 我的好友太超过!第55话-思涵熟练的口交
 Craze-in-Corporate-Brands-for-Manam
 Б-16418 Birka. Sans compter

...

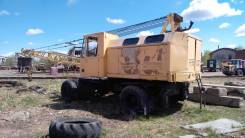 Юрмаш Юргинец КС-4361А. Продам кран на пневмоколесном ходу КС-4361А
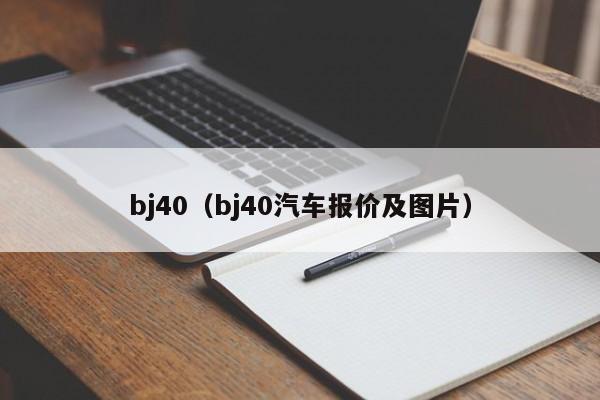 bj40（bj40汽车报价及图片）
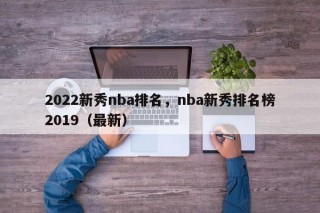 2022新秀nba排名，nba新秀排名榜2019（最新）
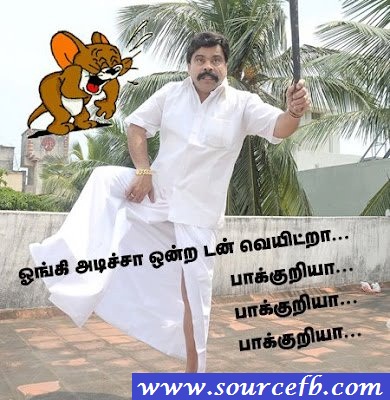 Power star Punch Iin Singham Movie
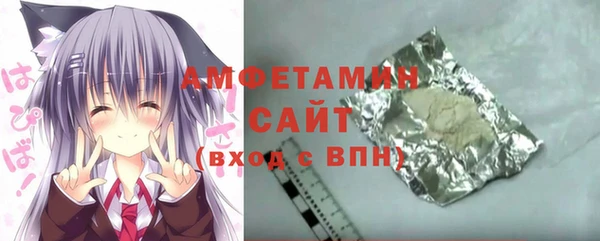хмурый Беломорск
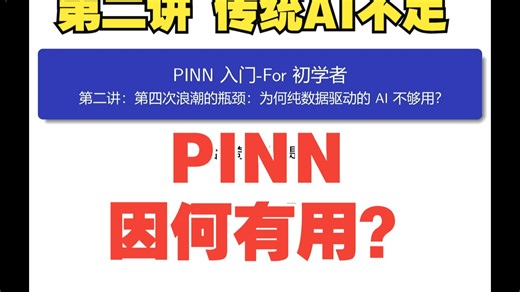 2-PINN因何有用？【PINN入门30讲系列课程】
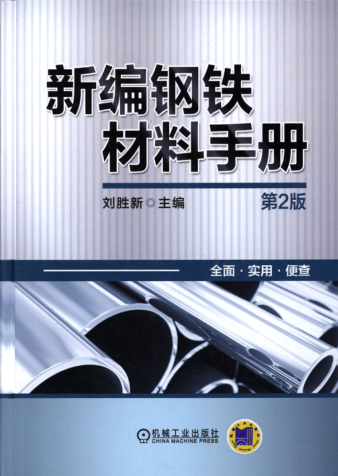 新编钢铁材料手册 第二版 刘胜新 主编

* * *

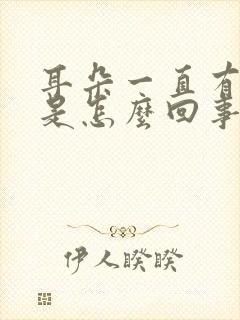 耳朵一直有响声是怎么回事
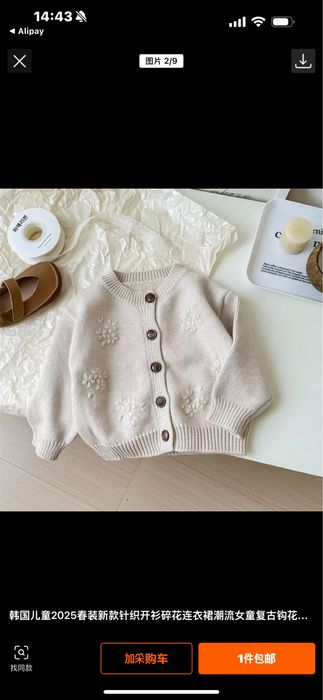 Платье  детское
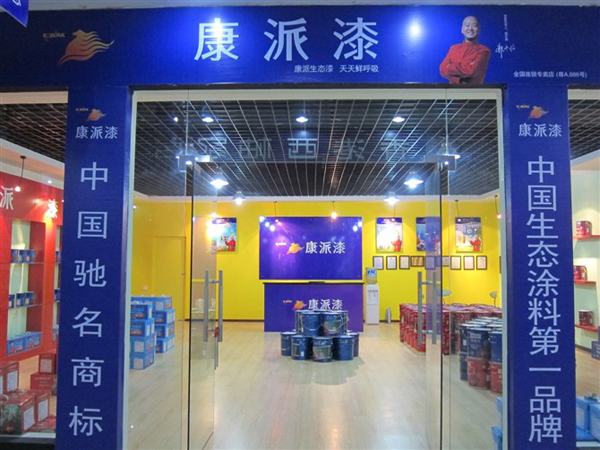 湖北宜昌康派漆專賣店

== WHAT THE TASK ASKS ==
Only the lines above from the one with "我的好友太超过!第55话-思涵熟练的口交" up to and including the one with "Б-16418 Birka. Sans compter" should be repeated, exactly as written.

== RESPONSE ==
 我的好友太超过!第55话-思涵熟练的口交
 Craze-in-Corporate-Brands-for-Manam
 Б-16418 Birka. Sans compter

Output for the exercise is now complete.